◆ What to work on ◆
Lower down are entries containing pictures. Copy exactly, without those pictures, the lines from the line with "Bali, Indonesia 123465792" through the line with "Private Label Oem".

◆ Data for the task ◆
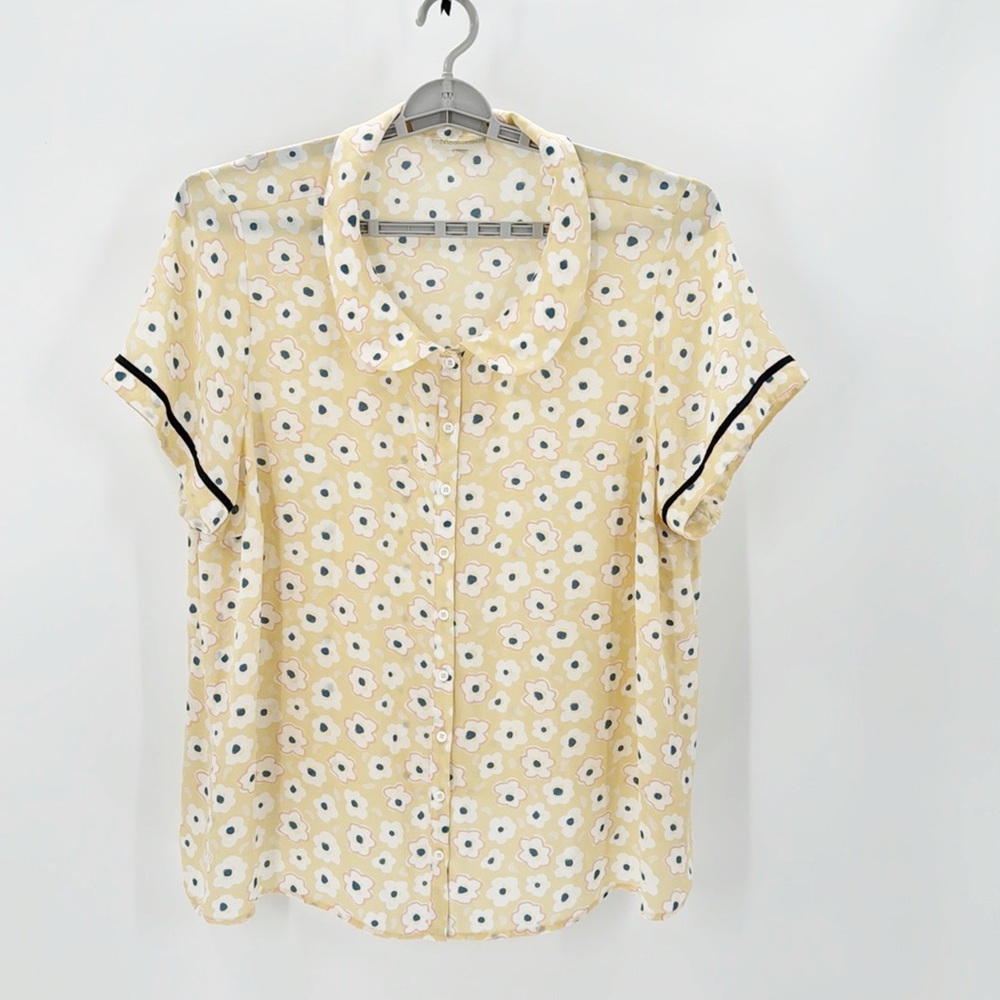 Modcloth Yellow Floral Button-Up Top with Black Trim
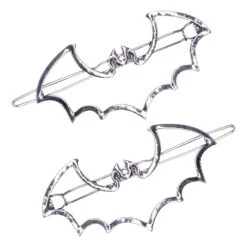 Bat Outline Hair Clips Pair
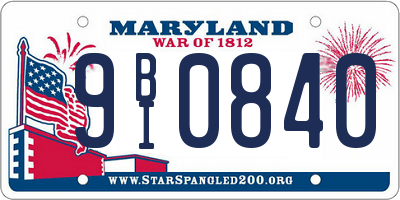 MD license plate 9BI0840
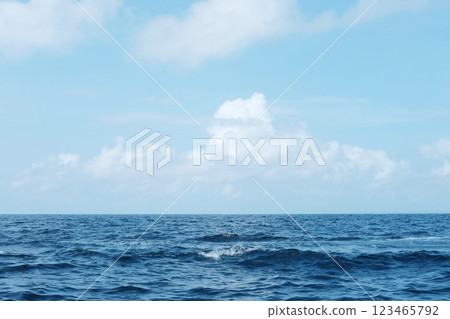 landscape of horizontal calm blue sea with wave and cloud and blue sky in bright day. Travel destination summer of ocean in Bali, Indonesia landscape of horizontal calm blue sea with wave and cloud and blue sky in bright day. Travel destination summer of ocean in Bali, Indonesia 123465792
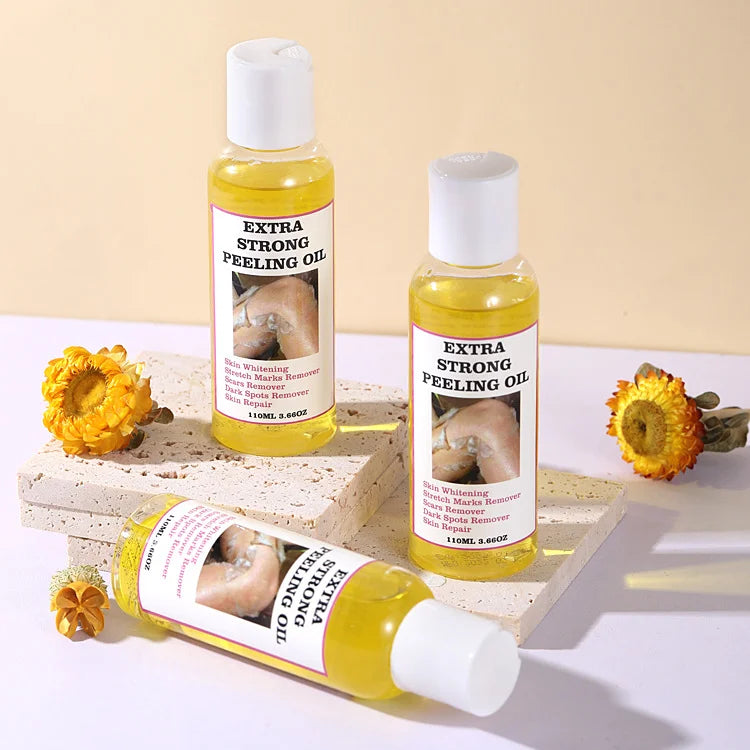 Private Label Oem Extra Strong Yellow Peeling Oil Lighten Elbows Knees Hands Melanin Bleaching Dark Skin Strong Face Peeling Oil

* * *

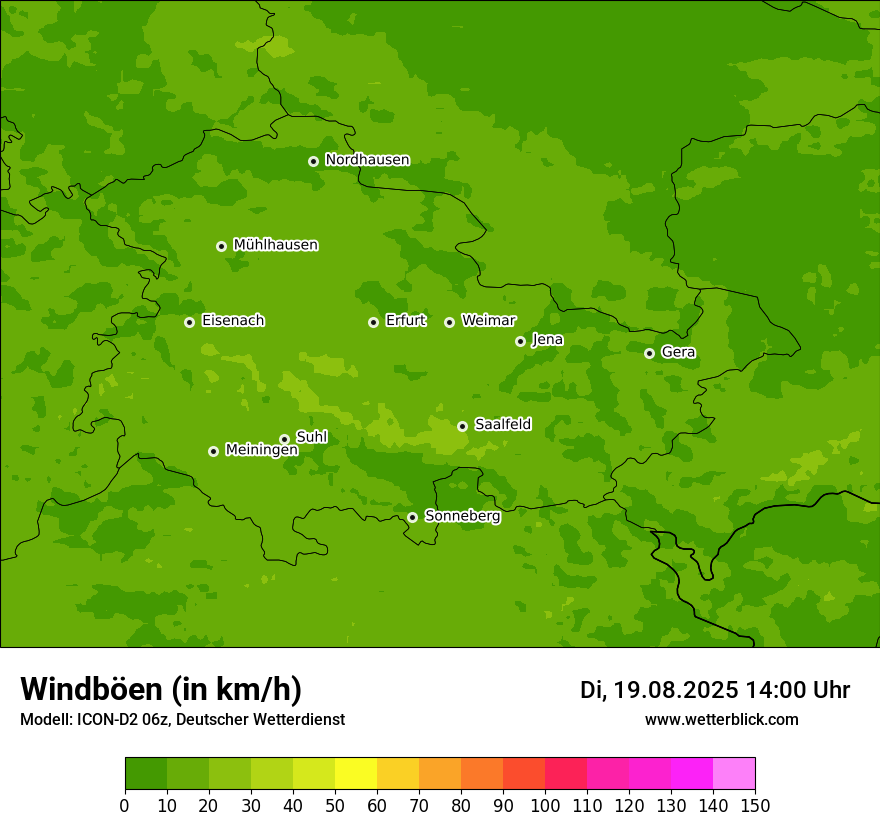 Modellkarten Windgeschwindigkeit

◆ Response below ◆
 landscape of horizontal calm blue sea with wave and cloud and blue sky in bright day. Travel destination summer of ocean in Bali, Indonesia landscape of horizontal calm blue sea with wave and cloud and blue sky in bright day. Travel destination summer of ocean in Bali, Indonesia 123465792
 Private Label Oem Extra Strong Yellow Peeling Oil Lighten Elbows Knees Hands Melanin Bleaching Dark Skin Strong Face Peeling Oil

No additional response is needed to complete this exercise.